I'm sure there is an easier way to read the RPM in Labview, I did think about hacking the ECU itself to read the voltage from its frequency-voltage converter chip, assuming it has one but I don't want to risk introducing noise into the ECU that could lead to it destroying a turbine. These engines will self destruct in a very, very short time especially at high RPM's. Besides, I don't know about you, but sitting in front of this isn't a bad way to spend a few hours! 

Just a quick note on the oscilloscope, It's an Atten ADS1102CAL 100MHz and I got it off EBay for about £190 and it is very good value for money and has more than enough capability for what I need to do.
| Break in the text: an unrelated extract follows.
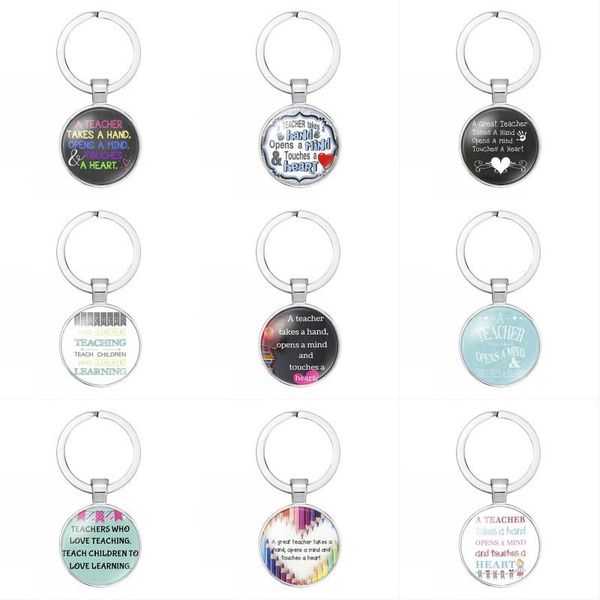 10 styles fashion teachers' day key rings for women pendant creative time gem round keychains jewelry accessories, Silver
10 styles fashion teachers' day key rings for women pendant creative time gem round keychains jewelry accessories, Silver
After using CRT style oscilloscopes in the past, this is super light and compact and very unobtrusive in my small room.

Update:
Here is the finished circuit, just need to add a gauge on my Labview Dashboard which is the easy bit because I now have a nice linear 0 to 5v voltage output from 0 to 200,000RPM. A conservative estimate of the total cost of the parts used would be in the region of £4.00, not bad.